-------- Raw data

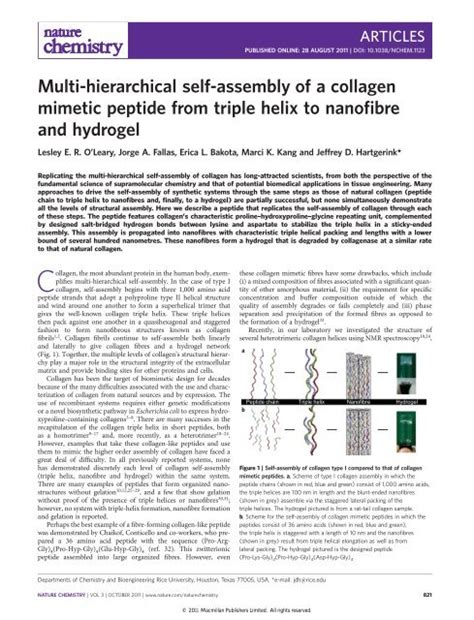 Multi Hierarchical Self Assembly Of A Collagen Mimetic Peptide From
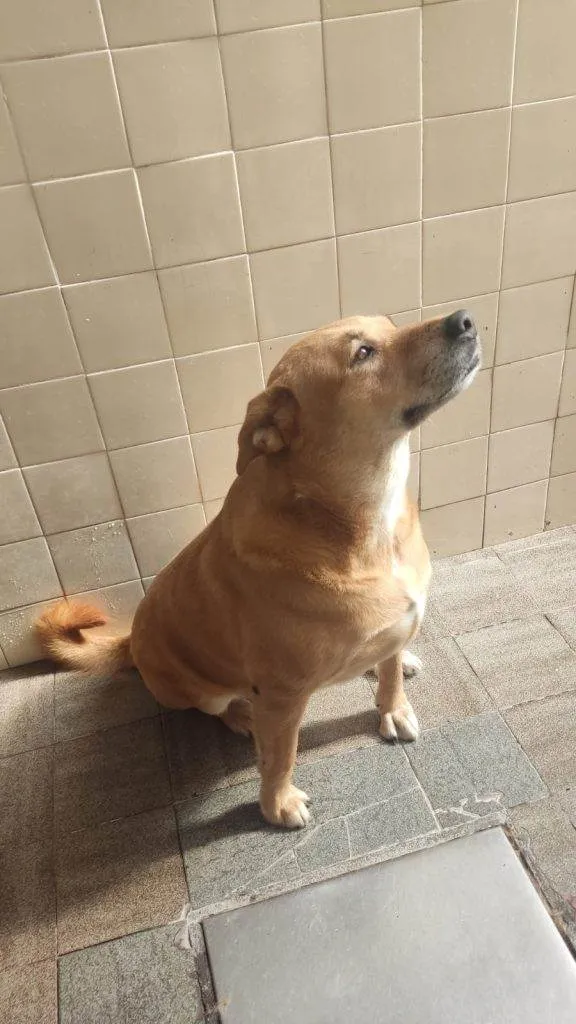 Cachorro ra a SRD-ViraLata idade 7 a 11 meses nome Athena Urgente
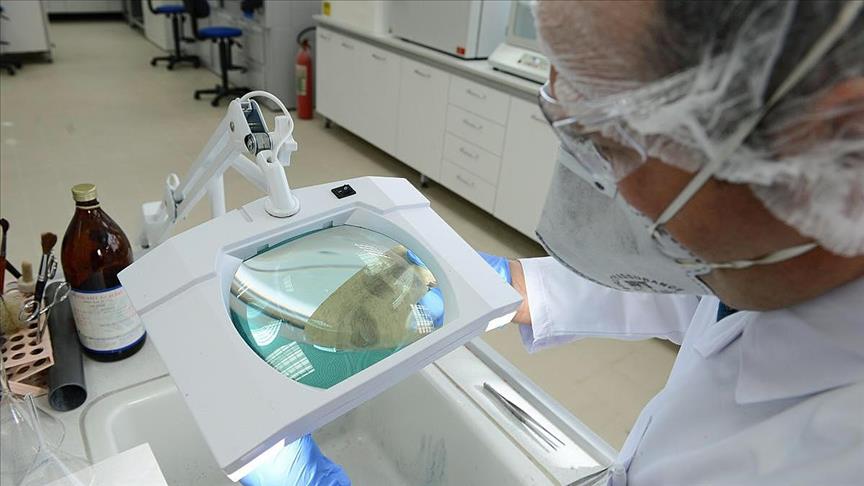US researchers use stem cells to grow new eye tissue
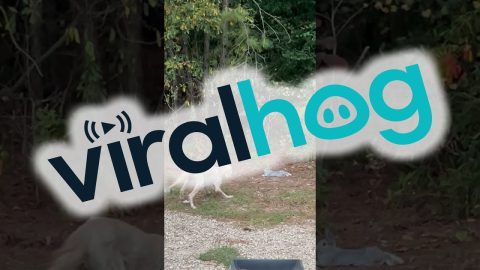 Rabbit Knows Right Where the Electric Fence Ends || ViralHog
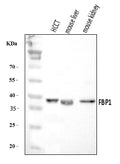 Anti-FBP1 Antibody Picoband®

----------------

(Activity):
Without any of the pictures, set the entries down again exactly as written.

(Final answer):
 Multi Hierarchical Self Assembly Of A Collagen Mimetic Peptide From
 Cachorro ra a SRD-ViraLata idade 7 a 11 meses nome Athena Urgente
US researchers use stem cells to grow new eye tissue
 Rabbit Knows Right Where the Electric Fence Ends || ViralHog
 Anti-FBP1 Antibody Picoband®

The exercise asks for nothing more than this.